# Directions for this task
Output every record exactly, apart from its images.

# Records to process
▼
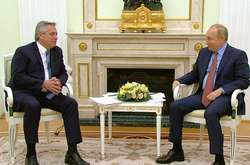 Зустріч Путіна із  Фернандесом планувалася заздалегідь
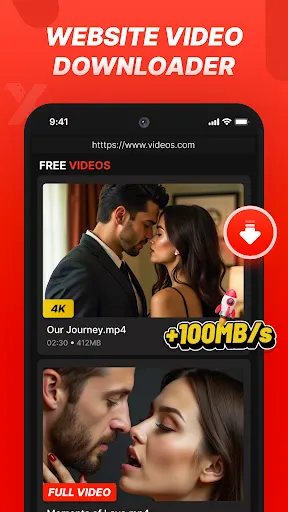 Скриншот 1 — Video Downloader & Player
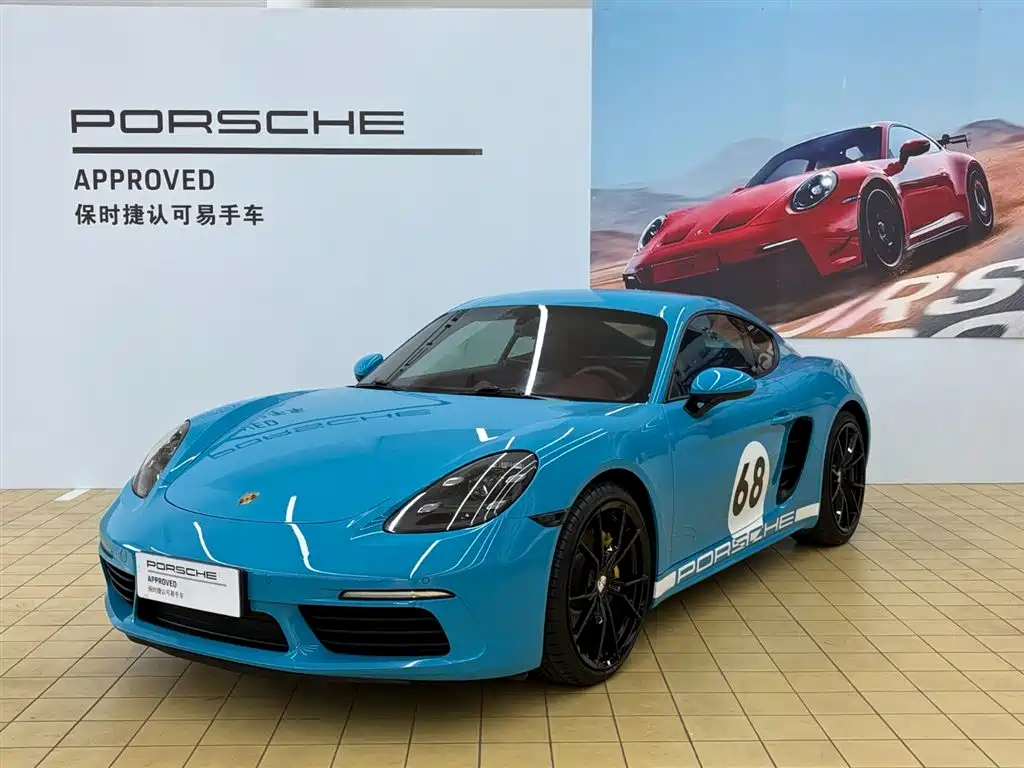 Porsche 718 2018 — фото 1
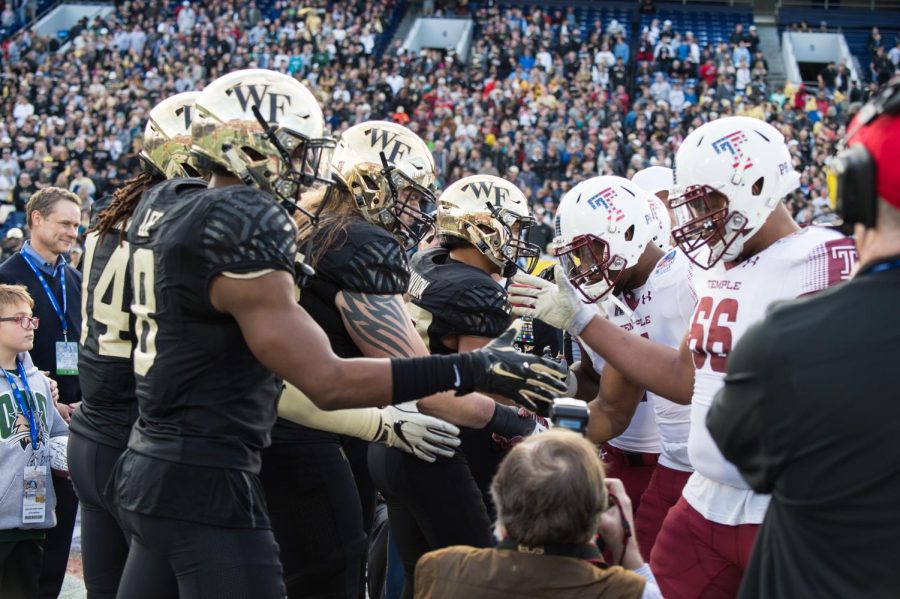 Wake Forest faces Temple in the 2016 Military Bowl.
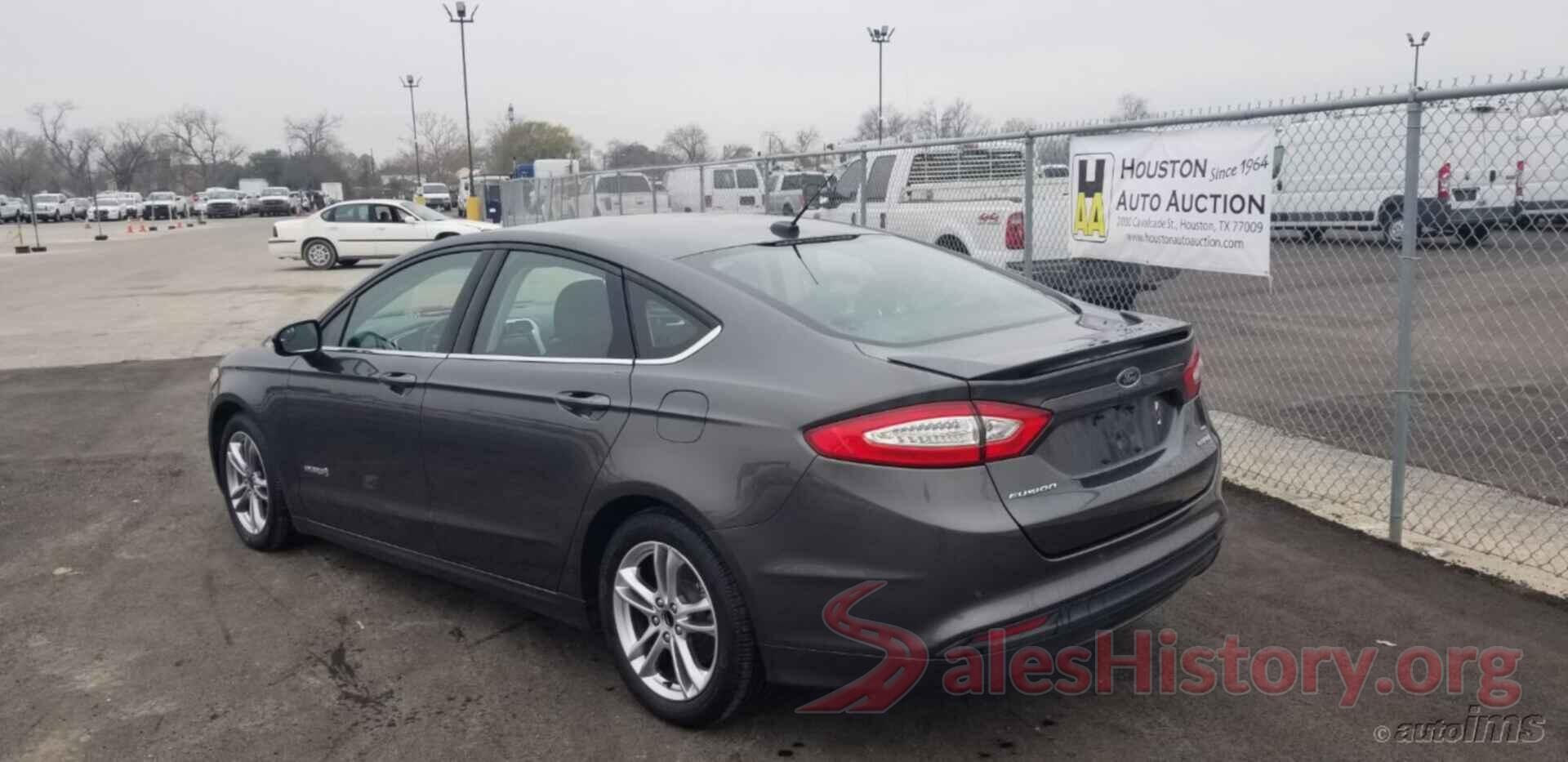 3FA6P0LU6GR333694 2016 FORD FUSION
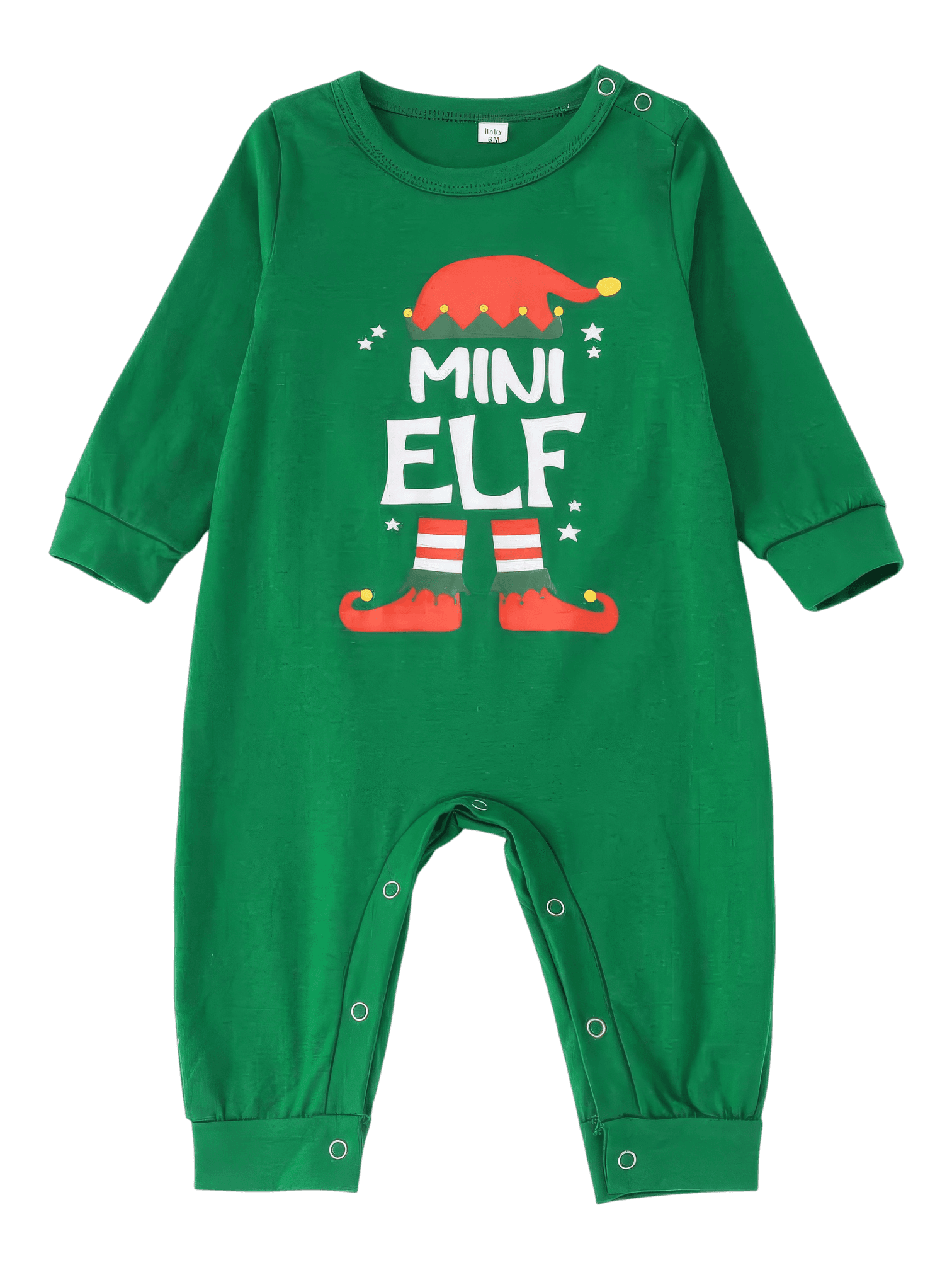 Elf Weihnachtspyjamas Familie, Paar, irisches Karo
▲
# Task result
 Зустріч Путіна із  Фернандесом планувалася заздалегідь
 Скриншот 1 — Video Downloader & Player
 Porsche 718 2018 — фото 1
 Wake Forest faces Temple in the 2016 Military Bowl.
 3FA6P0LU6GR333694 2016 FORD FUSION
 Elf Weihnachtspyjamas Familie, Paar, irisches Karo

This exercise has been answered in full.